The Trump administration has yet to decide on the House Republicans' plan to adjust taxes at the border, Secretary of Commerce Wilbur Ross said Wednesday, addressing speculation that he is opposed to the Paul Ryan-backed proposal.

"Neither the administration nor I has yet taken a position on the border adjustable tax," Ross said in an interview on Fox Business. "We're studying it, we're evaluating it, but we've come to no conclusion yet."

Members of Congress and lobbyists have been closely watching for signs that President Trump will endorse the House GOP border adjustment, a critical component of their tax reform plan.

On Tuesday, sometime Trump adviser and television personality Larry Kudlow reported on Twitter that Ross had staked out opposition to the border adjustment in interior White House talks. Ross shot down that rumor through his own Twitter account before Wednesday morning's comments.

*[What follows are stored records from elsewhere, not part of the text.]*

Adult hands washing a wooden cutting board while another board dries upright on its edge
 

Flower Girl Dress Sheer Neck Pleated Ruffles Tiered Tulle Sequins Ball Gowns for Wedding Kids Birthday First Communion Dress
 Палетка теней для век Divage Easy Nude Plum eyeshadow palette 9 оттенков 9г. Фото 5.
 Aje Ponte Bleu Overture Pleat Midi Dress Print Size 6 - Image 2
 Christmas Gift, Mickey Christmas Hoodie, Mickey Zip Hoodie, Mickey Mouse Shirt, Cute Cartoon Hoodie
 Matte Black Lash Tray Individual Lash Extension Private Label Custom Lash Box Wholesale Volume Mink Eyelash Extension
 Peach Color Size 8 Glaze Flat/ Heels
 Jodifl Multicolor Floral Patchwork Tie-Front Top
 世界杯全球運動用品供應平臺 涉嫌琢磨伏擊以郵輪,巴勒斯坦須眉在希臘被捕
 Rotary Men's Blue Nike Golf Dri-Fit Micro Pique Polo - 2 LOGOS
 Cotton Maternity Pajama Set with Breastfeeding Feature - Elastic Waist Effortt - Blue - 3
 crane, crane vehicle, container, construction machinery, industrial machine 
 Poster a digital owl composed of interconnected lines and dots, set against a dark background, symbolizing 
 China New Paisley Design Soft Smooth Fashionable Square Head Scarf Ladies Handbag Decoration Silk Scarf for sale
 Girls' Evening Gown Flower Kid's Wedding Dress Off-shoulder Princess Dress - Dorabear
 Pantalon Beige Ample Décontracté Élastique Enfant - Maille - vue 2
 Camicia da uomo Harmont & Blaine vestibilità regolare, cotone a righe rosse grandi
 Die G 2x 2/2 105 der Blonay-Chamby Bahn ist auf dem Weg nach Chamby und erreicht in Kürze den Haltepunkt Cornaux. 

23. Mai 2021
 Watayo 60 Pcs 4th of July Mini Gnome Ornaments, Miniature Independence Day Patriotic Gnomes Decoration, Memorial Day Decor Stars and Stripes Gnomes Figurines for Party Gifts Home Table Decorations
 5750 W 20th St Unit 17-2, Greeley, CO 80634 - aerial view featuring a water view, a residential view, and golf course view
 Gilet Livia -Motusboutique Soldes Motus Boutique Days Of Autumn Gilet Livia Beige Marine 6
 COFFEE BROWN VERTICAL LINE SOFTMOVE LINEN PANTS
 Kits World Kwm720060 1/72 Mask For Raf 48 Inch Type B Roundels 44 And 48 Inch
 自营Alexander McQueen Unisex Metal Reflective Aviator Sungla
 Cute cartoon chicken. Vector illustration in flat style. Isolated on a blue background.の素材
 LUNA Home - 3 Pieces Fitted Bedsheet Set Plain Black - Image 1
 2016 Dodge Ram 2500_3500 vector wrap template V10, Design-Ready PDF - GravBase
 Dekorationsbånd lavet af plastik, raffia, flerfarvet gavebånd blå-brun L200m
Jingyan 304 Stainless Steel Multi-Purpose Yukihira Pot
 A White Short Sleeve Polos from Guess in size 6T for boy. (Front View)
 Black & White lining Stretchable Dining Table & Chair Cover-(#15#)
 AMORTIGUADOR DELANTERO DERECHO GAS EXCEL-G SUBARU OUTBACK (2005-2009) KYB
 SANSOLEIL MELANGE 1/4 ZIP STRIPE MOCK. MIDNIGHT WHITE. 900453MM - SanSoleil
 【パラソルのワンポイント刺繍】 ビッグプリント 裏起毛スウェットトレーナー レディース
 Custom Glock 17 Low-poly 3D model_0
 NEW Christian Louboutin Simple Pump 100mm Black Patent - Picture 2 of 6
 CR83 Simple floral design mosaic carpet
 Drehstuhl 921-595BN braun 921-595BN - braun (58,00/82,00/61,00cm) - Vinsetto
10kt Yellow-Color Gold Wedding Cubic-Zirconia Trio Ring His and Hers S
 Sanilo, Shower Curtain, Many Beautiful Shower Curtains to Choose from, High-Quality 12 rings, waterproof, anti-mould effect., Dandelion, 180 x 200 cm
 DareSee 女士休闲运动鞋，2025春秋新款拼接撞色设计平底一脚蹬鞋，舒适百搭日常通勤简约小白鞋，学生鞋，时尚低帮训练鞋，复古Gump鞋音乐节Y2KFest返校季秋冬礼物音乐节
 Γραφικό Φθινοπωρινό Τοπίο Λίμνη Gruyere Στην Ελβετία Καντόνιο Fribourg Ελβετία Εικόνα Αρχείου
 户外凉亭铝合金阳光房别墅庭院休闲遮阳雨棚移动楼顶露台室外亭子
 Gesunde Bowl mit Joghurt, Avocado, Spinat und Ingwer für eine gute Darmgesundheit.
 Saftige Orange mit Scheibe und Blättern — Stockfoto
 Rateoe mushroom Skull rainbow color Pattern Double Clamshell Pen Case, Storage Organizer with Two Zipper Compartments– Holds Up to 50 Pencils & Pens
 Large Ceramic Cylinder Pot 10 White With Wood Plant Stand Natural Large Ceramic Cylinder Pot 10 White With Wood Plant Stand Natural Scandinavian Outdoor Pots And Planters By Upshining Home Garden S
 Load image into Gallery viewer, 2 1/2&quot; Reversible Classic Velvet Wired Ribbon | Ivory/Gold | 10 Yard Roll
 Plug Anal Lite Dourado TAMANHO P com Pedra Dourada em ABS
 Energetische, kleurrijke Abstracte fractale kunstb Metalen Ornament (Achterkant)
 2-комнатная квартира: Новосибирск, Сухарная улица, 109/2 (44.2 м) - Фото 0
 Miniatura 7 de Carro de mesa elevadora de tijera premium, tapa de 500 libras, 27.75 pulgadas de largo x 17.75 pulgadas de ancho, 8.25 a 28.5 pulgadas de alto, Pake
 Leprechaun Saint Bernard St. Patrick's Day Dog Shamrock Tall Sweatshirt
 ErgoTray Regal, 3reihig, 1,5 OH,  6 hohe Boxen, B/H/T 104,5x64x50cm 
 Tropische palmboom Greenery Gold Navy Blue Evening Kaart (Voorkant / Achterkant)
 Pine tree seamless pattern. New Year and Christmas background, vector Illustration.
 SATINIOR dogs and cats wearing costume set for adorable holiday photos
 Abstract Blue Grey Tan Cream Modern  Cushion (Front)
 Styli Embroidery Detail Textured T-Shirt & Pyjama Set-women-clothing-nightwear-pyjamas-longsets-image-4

Recent tensions within the Republican Party over the border adjustment, which is opposed by retailers and other import-heavy industries that would see imports taxed, have raised questions about whether the party might give up comprehensive tax reform and instead try small measures, such as a standalone corporate tax rate reduction.

On Wednesday, however, Ross suggested that tax reform, passed on a partisan basis through the special procedure known as budget reconciliation, is still the leading option. Reconciliation, he said, is "the process we probably need to get any tax bill through."